* Exercise details
Skip every image and restate the data word for word.

╭─ Source data

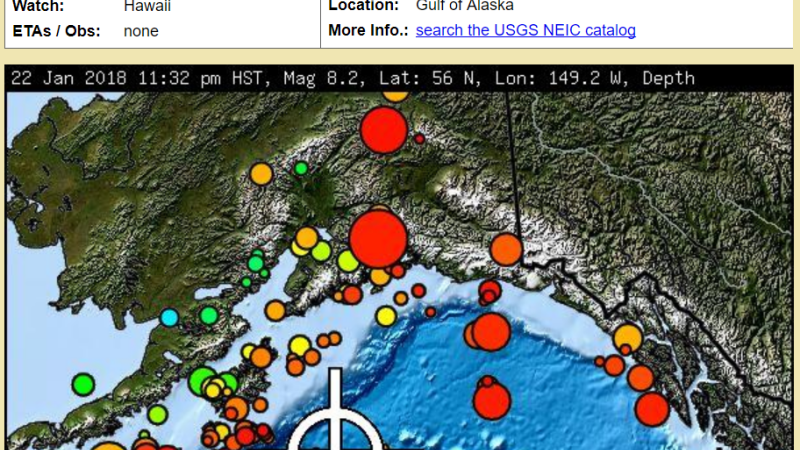 alertă tsunami Alaska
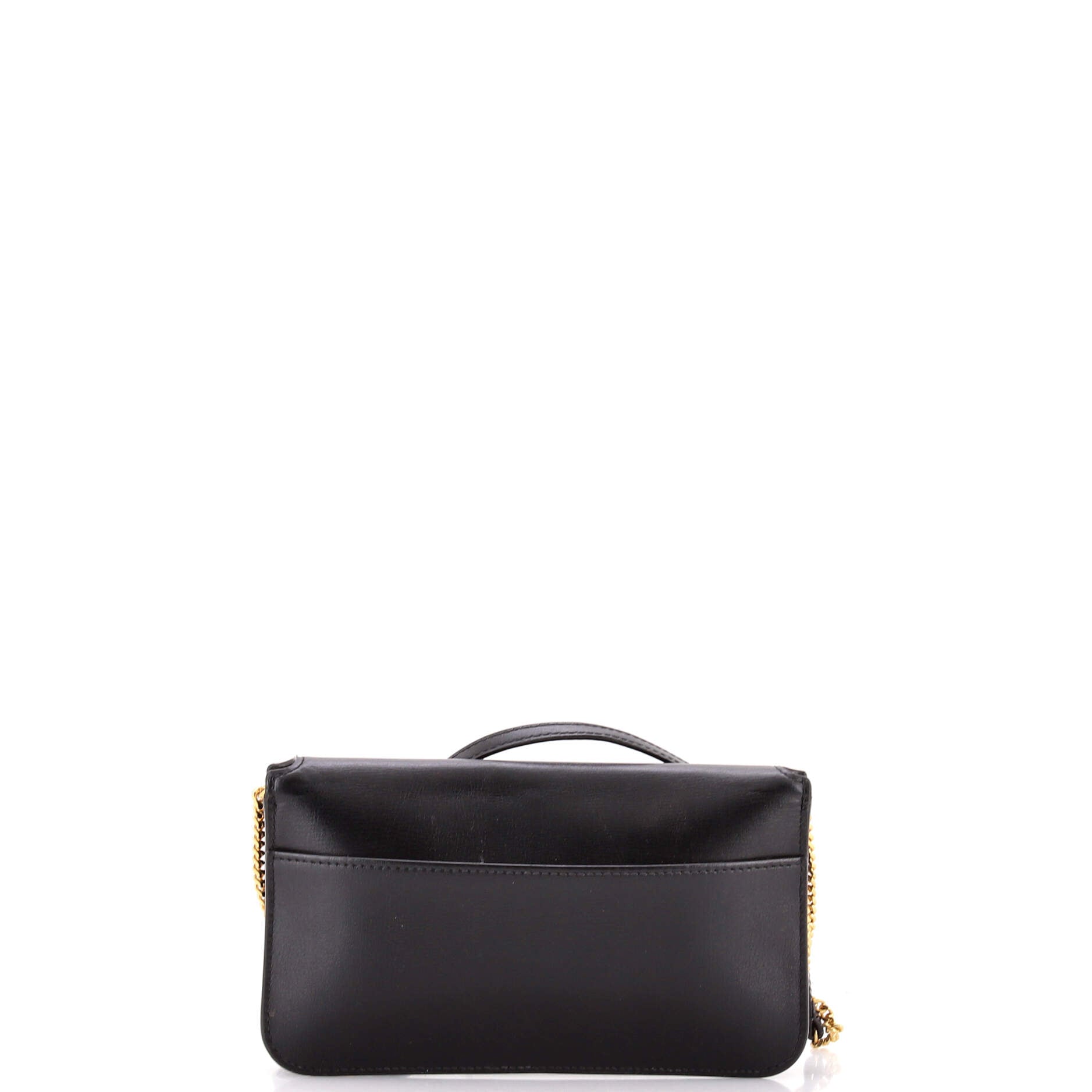Classic Monogram Phone Holder Shoulder Bag Leather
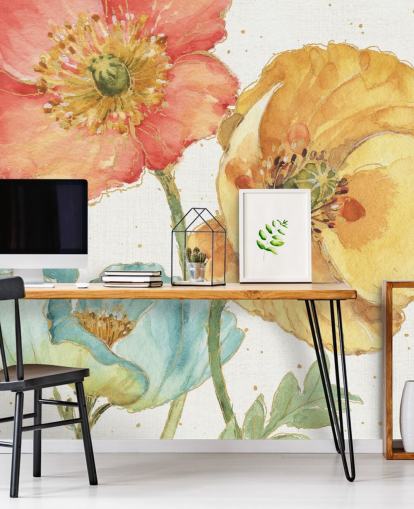 murale con tre fiori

╰─

* Exercise answer
 alertă tsunami Alaska
Classic Monogram Phone Holder Shoulder Bag Leather
 murale con tre fiori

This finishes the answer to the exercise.